▶ [INSTRUCTIONS FOR THE TASK]
Of the entries below, return exactly those lines that fall between the one containing "Video emocionuese/ Prindërit" and the one containing "В Кремле заявили, что", the two end lines included.

▶ [DATASET CONTENT]
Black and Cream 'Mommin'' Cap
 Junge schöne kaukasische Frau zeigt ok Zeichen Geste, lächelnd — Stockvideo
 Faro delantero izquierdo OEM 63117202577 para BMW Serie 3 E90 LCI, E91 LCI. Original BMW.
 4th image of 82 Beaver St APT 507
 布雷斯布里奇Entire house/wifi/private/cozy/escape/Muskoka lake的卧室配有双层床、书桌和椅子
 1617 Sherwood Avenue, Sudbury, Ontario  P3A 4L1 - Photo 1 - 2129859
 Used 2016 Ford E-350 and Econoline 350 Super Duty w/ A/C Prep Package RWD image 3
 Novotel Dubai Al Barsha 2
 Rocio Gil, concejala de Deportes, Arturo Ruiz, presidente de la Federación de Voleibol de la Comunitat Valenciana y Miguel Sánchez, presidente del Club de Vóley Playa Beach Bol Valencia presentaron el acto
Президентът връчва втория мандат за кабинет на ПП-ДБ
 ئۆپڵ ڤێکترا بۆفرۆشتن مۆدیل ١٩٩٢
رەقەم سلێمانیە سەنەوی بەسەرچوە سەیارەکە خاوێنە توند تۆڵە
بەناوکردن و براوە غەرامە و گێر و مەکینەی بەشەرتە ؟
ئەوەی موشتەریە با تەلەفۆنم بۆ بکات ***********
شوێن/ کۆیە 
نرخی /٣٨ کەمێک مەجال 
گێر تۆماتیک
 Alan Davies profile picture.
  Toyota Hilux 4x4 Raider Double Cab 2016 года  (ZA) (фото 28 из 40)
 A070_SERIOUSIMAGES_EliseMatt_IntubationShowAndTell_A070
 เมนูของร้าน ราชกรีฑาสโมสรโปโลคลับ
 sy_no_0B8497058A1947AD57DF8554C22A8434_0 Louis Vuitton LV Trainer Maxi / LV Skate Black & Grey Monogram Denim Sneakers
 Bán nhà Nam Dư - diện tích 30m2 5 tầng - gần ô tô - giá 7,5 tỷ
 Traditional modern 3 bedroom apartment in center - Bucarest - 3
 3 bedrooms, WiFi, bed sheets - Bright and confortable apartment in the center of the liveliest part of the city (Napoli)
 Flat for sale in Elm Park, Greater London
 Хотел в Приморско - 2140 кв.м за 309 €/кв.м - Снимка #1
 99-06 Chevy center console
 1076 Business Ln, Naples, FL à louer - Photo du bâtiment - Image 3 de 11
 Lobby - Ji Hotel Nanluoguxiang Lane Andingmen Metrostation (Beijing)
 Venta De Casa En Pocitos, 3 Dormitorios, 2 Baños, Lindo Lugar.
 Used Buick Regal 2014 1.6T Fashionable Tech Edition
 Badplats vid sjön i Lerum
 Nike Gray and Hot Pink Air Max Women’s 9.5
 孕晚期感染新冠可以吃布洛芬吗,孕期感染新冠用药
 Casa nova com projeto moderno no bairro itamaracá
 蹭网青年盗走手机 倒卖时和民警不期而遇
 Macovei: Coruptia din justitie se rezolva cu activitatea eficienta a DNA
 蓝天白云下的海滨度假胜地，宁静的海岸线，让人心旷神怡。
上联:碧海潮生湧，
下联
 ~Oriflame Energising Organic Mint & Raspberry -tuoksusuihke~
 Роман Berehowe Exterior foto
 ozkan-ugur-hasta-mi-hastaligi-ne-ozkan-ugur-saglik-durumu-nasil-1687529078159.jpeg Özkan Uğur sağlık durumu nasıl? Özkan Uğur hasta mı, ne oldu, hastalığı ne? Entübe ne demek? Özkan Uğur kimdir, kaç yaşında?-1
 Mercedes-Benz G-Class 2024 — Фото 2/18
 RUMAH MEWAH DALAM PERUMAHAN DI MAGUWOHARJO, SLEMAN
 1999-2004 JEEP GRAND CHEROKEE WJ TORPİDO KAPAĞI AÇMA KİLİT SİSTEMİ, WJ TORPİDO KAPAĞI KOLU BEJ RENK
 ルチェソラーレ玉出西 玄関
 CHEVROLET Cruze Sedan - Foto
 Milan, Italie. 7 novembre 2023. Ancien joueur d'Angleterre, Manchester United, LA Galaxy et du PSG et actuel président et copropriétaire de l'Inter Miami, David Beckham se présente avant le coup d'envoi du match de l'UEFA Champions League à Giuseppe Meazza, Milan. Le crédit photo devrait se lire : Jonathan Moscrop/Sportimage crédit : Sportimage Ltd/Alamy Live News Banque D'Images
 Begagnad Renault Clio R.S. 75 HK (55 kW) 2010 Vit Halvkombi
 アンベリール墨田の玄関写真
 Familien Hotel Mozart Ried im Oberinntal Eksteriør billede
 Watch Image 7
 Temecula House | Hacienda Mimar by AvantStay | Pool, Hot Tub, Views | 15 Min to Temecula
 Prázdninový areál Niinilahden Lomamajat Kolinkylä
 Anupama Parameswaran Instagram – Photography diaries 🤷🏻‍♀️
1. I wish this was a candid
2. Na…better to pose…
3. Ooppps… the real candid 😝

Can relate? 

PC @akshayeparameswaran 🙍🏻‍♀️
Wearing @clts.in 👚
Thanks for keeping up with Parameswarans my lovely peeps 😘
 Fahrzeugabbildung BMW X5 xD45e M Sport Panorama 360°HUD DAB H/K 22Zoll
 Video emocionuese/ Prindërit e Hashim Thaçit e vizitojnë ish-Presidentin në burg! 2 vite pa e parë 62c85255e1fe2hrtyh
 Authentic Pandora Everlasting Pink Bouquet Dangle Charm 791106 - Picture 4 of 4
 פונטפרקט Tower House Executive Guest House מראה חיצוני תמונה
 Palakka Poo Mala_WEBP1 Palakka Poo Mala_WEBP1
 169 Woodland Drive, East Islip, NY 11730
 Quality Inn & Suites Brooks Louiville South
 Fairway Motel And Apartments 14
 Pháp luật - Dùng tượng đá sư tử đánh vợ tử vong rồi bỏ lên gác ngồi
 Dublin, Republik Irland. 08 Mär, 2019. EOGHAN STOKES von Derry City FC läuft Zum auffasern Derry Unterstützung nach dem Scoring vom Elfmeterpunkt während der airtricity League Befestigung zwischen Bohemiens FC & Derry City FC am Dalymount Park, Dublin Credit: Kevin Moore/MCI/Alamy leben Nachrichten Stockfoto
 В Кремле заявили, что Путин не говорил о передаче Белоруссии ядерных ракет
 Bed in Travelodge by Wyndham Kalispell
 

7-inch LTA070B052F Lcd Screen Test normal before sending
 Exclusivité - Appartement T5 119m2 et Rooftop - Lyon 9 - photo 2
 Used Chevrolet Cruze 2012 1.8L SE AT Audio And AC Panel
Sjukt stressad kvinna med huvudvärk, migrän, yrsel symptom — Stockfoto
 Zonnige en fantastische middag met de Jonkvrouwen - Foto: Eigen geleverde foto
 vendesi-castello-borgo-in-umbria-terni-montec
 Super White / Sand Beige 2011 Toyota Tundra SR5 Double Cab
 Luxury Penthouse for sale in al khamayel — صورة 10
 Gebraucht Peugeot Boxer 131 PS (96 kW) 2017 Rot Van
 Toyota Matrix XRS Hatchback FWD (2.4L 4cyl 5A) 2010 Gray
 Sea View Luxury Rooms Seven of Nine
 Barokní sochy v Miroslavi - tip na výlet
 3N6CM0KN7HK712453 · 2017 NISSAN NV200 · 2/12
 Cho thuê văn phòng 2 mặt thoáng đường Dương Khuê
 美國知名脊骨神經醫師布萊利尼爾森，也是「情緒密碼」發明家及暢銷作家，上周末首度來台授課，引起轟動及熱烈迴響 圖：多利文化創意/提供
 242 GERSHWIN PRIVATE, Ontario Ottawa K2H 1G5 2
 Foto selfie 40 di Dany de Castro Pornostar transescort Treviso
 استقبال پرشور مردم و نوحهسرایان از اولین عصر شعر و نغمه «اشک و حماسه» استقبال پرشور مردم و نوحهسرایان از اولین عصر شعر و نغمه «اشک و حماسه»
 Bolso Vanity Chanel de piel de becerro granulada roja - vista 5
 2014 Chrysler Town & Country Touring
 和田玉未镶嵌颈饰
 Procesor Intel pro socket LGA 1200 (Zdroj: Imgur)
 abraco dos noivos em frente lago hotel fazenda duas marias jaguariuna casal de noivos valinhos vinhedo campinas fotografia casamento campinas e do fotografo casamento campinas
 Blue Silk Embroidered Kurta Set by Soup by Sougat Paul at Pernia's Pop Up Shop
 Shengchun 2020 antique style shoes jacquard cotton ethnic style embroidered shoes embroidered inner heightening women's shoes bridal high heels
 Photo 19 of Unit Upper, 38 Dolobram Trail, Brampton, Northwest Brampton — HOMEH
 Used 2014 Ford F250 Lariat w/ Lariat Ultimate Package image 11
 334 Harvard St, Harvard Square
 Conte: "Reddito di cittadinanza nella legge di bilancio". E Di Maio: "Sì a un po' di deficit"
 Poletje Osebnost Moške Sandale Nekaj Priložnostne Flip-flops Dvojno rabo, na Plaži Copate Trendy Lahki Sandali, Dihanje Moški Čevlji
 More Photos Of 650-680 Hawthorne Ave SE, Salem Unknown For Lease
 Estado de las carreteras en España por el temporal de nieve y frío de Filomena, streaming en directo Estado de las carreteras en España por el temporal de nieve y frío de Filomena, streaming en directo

▶ [SOLVED PROBLEM]
 Video emocionuese/ Prindërit e Hashim Thaçit e vizitojnë ish-Presidentin në burg! 2 vite pa e parë 62c85255e1fe2hrtyh
 Authentic Pandora Everlasting Pink Bouquet Dangle Charm 791106 - Picture 4 of 4
 פונטפרקט Tower House Executive Guest House מראה חיצוני תמונה
 Palakka Poo Mala_WEBP1 Palakka Poo Mala_WEBP1
 169 Woodland Drive, East Islip, NY 11730
 Quality Inn & Suites Brooks Louiville South
 Fairway Motel And Apartments 14
 Pháp luật - Dùng tượng đá sư tử đánh vợ tử vong rồi bỏ lên gác ngồi
 Dublin, Republik Irland. 08 Mär, 2019. EOGHAN STOKES von Derry City FC läuft Zum auffasern Derry Unterstützung nach dem Scoring vom Elfmeterpunkt während der airtricity League Befestigung zwischen Bohemiens FC & Derry City FC am Dalymount Park, Dublin Credit: Kevin Moore/MCI/Alamy leben Nachrichten Stockfoto
 В Кремле заявили, что Путин не говорил о передаче Белоруссии ядерных ракет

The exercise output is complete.